Here it is Dunn et al. who argue against the global word-order 
correlations manifested in Greenbergian word order universals. Dunn 
et al. argue that a correlation between various pairs of word orders 
are supported in some language families but not others. Hence 
word-order correlations are lineage-specific (and culture-specific) 
rather than universal in the Greenbergian sense. Dunn et al. divide 
the global sample into phylogenetic subpopulations rather than areal 
subpopulations, but the point is the same. (There are two differences 
between Dunn et al.'s analysis and the Greenberg universals: the 
Greenberg universals are synchronic, while Dunn et al's data is a 
sample of diachronic word order changes; and the model that Dunn et 
al. tests is not the model implied by Greenbergian universals. While 
these differences are important, as I argued in my post on their 
paper, I believe they aren't relevant to the point being made here.) 
And in the case of Dunn et al., Matthew Dryer argued in a post that 
the lineage-specific correlations are random effects and the globally 
identified Greenbergian word-order correlations are real.

I asked a couple of physicists with whom I collaborate about what to 
think of global correlations when those correlations are not found in 
most or all of the subpopulations that the data may be partitioned 
into (areal, phylogenetic, etc.). They both stated that a global 
correlation is statistically valid even if the same correlation does 
not exist in all the partitioned subpopulations. This situation may 
arise when negative correlations or noncorrelations in some 
subpopulations are more than compensated for by positive correlations 
in other subpopulations, so that the global effect is a positive 
correlation. (One of them further added that another possible reason 
is that the subpopulation samples may be too small to provide a 
significant correlation one way or the other.) When pressed further 
about why a global correlation would not lead to the same 
correlations in (large enough) subpopulations, the response was that, 
in the simplest case, X is dependent not only on Y but also on a 
factor Z that varies considerably from subpopulation to 
subpopulation; and that one would expect the same correlations in the 
subpopulations if and only if most of the observed variation in X is 
due to Y. In fact, this is not the case for the phoneme-population 
correlation: Atkinson shows that language family membership, which 
clearly varies by region, accounts for the greatest amount of 
variance for phoneme inventory size. But the other correlations still 
hold globally when combined with this factor (Atkinson, supplementary 
materials, pp. 5-6). So it appears that the global phoneme-population 
and word-order correlations are valid, that is, there is a factor (or 
factors) Y that needs to be accounted for; but there is apparently 
also a factor or factors Z that lead to areal- and/or 
phylogeny-specific differences in the linguistic patterns.

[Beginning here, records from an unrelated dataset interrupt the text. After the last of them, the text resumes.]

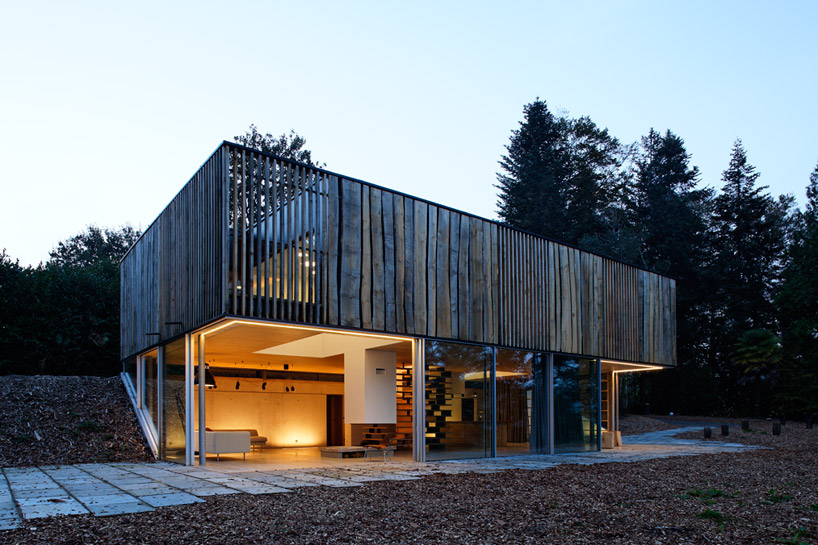 lode architecture: d house, brittany, france 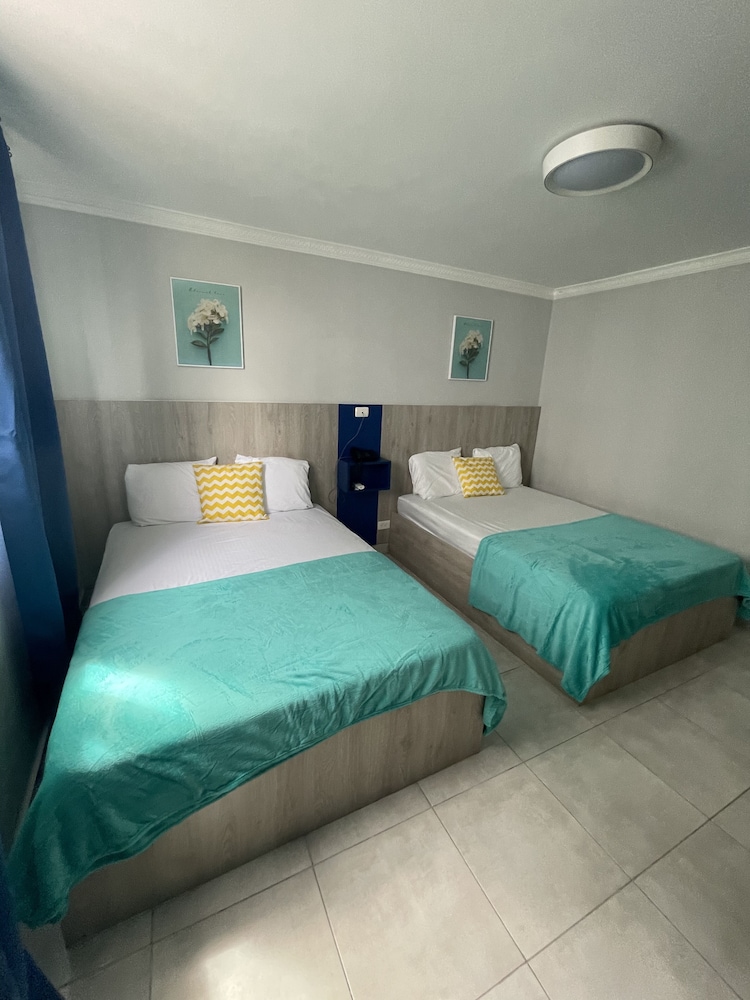 Basic Quadruple Room, 2 Double Beds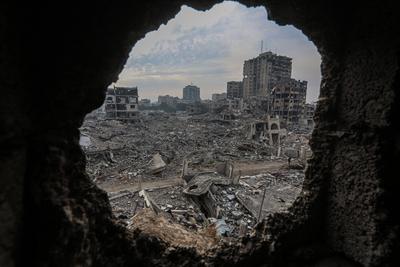 Internally Palestinians walk along a street among the rubble of destroyed buildings amid a ceasefire between Israel and Hamas, in Gaza City-stock-foto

Of course, correlation is not causation, as we all know. We have to 
find an explanatory framework that allows us to say that when X 
correlates with Y (and Z), there is a causal connection between X and 
Y (and Z). One problem with the global phoneme-population correlation 
is that there is no satisfactory explanation for it: even the 
linguists who found the correlation have only a few suggestions that 
they do not consider to be strong enough to offer as an explanation. 
Conversely, there is no obvious explanation why word-order 
correlations might be lineage- or culture-specific. For example, no 
cultural reason easily comes to mind why Proto-Indo-Europeans and 
their descendants couple verb-object and adposition-noun order, but 
Proto-Uto-Aztecans and their descendants do not. Nor is there an 
obvious culture-specific nonlinguistic behavior that might be 
causally connected to word-order patterns in the way that spatial 
cognition has been shown to be connected to linguistic spatial frames 
of reference by Levinson and his colleagues.


Hay, Jennifer and Laurie Bauer. 2007. Phoneme inventory size and 
population size. Language 83.388-400.

Pericliev, Vladimir. 2004. There is no correlation between the size 
of a community speaking a language and the size of the phonological 
inventory of that language. Linguistic Typology 8.376-83.